## [Collected material]
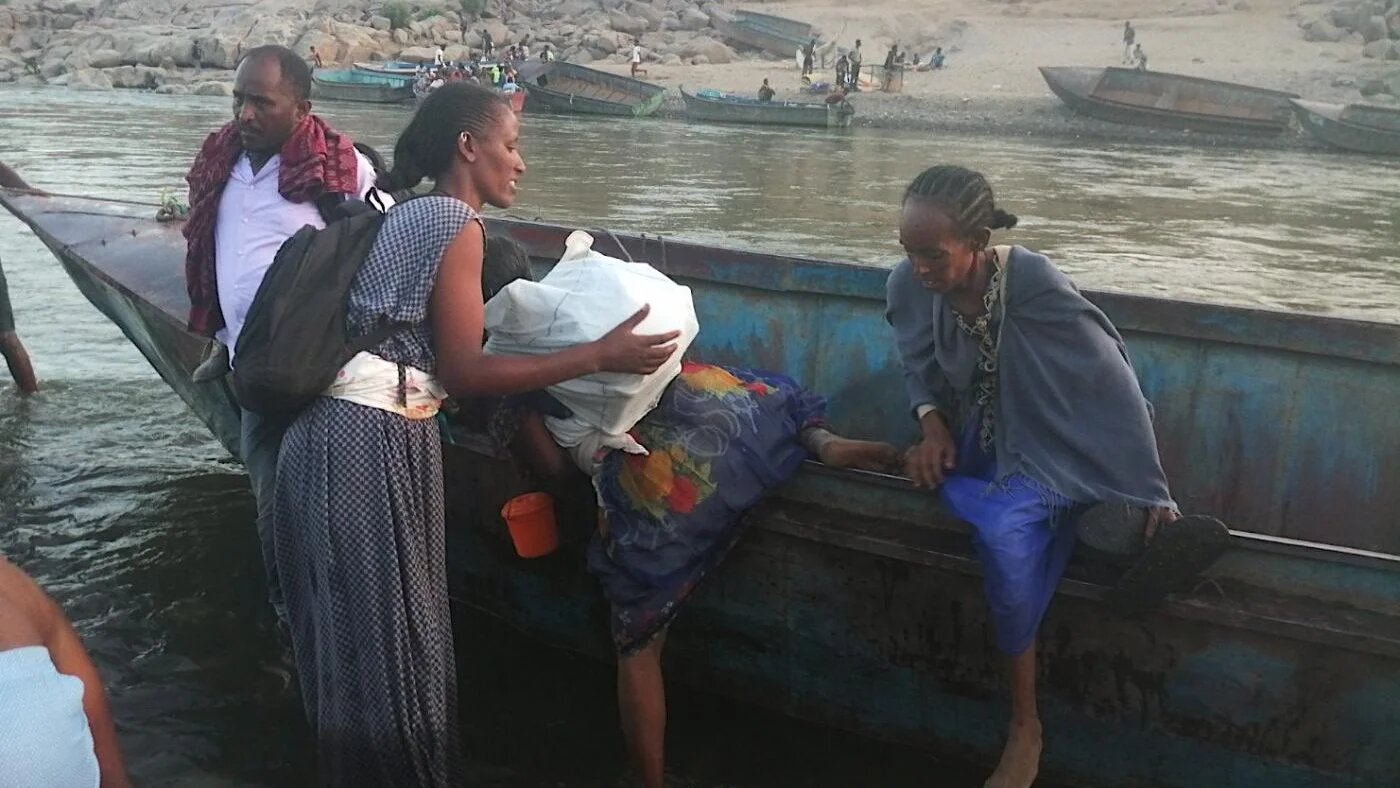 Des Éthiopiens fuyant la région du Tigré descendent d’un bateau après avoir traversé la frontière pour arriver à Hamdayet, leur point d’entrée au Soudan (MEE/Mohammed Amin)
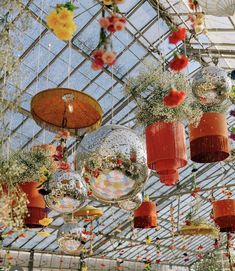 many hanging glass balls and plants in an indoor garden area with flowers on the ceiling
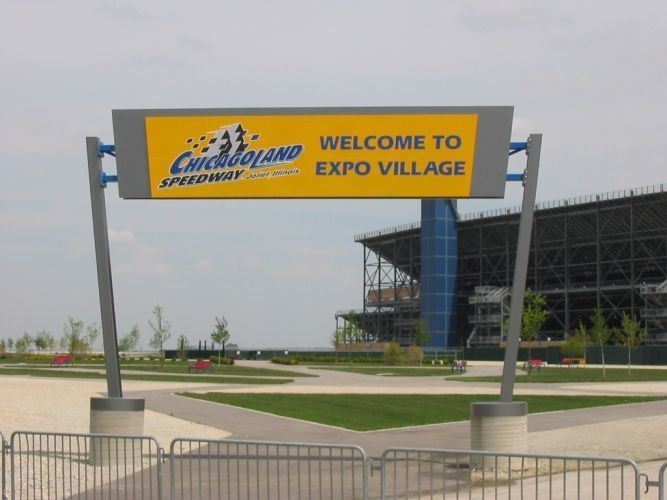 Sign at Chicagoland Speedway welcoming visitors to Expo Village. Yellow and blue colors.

## [Work to complete]
All of the data above needs to be retyped exactly, with the pictures removed.

## [Exercise result]
 Des Éthiopiens fuyant la région du Tigré descendent d’un bateau après avoir traversé la frontière pour arriver à Hamdayet, leur point d’entrée au Soudan (MEE/Mohammed Amin)
 many hanging glass balls and plants in an indoor garden area with flowers on the ceiling
 Sign at Chicagoland Speedway welcoming visitors to Expo Village. Yellow and blue colors.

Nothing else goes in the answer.